-- Record set follows --
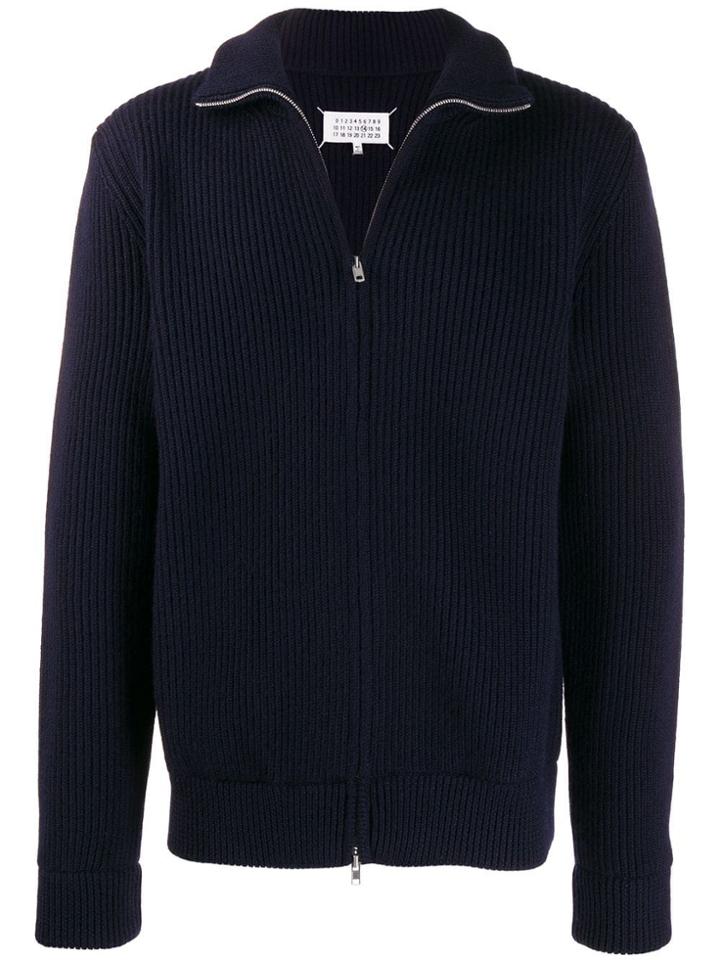 Maison Margiela Knitted Jacket - Blue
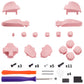 eXtremeRate DIY Replacement Full Set Buttons for Nintendo Switch 2 Pro Controller - Puffy Pink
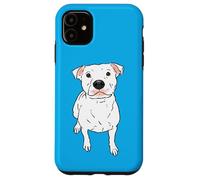 Pit Bull Blanc, Pittie Blanche, Pitbull Lover, Chien de Race Bully Coque pour iPhone 11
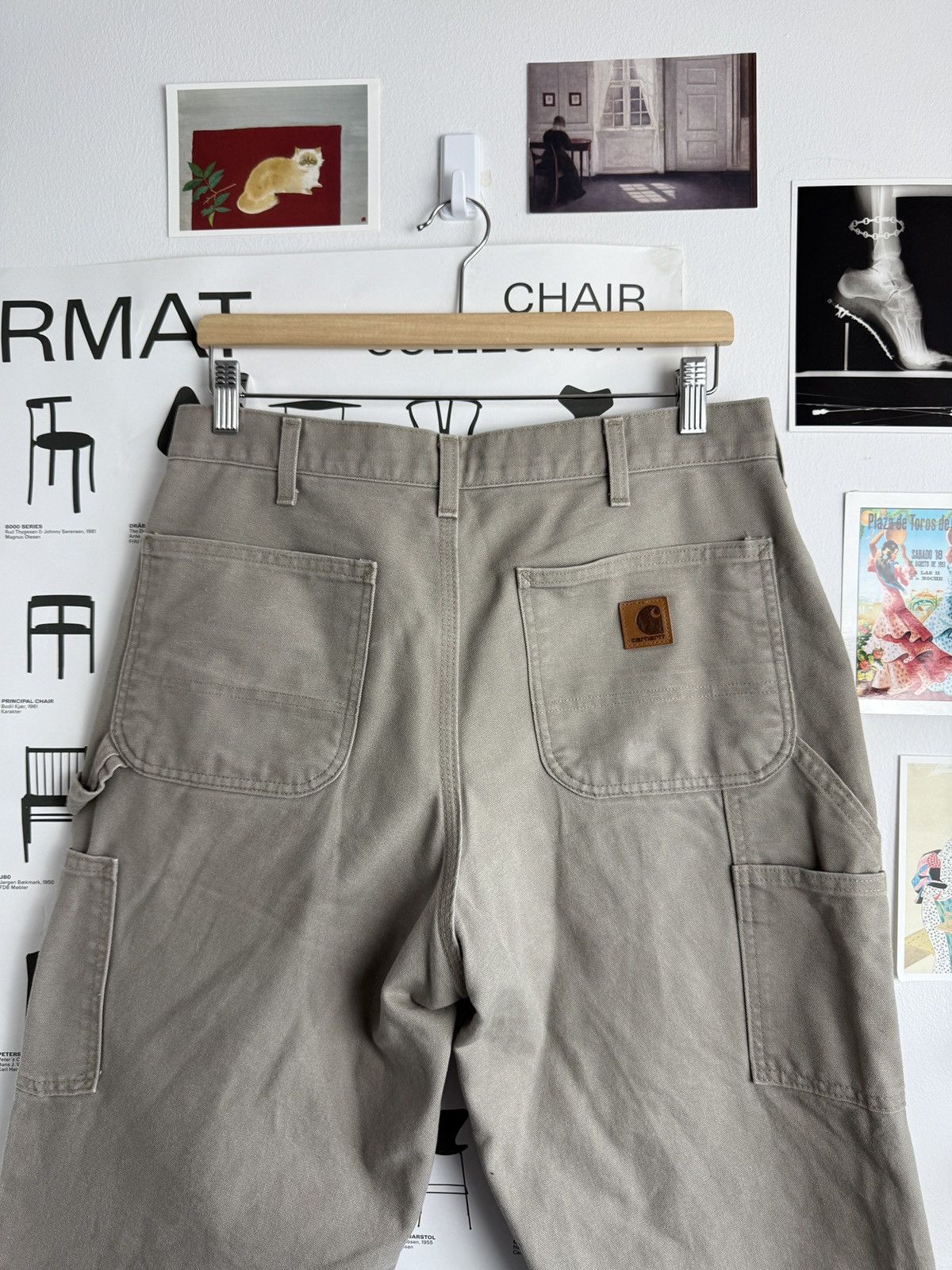 Carhartt Vintage 90s Carhartt single knee pants 32x32 streetwear skate Size US 32 / EU 48 - 3 Thumbnail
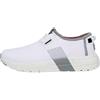 HEYDUDE Hey Dude Sirocco Sport Stripe - Sneakers Donna - Easy-On Lace System, White, 37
-- Record set concluded --
Directions — Repeat each entry above exactly, passing over any images.

Answer for the task —
 Maison Margiela Knitted Jacket - Blue
 eXtremeRate DIY Replacement Full Set Buttons for Nintendo Switch 2 Pro Controller - Puffy Pink
 Pit Bull Blanc, Pittie Blanche, Pitbull Lover, Chien de Race Bully Coque pour iPhone 11
 Carhartt Vintage 90s Carhartt single knee pants 32x32 streetwear skate Size US 32 / EU 48 - 3 Thumbnail
 HEYDUDE Hey Dude Sirocco Sport Stripe - Sneakers Donna - Easy-On Lace System, White, 37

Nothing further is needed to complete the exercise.